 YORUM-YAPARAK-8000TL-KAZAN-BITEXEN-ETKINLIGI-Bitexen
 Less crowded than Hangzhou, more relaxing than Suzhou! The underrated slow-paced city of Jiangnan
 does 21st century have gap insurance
· · ·
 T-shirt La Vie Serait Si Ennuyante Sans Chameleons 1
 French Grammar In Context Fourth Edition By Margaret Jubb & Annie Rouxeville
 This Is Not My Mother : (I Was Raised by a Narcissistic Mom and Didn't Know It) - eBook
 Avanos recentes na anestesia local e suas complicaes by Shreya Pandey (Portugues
· · ·
**Aim of the task**
Everything above from the line containing "This Is Not" through the line containing "Avanos recentes na" must be copied exactly. Nothing outside that range belongs in the answer.

**Expected answer**
 This Is Not My Mother : (I Was Raised by a Narcissistic Mom and Didn't Know It) - eBook
 Avanos recentes na anestesia local e suas complicaes by Shreya Pandey (Portugues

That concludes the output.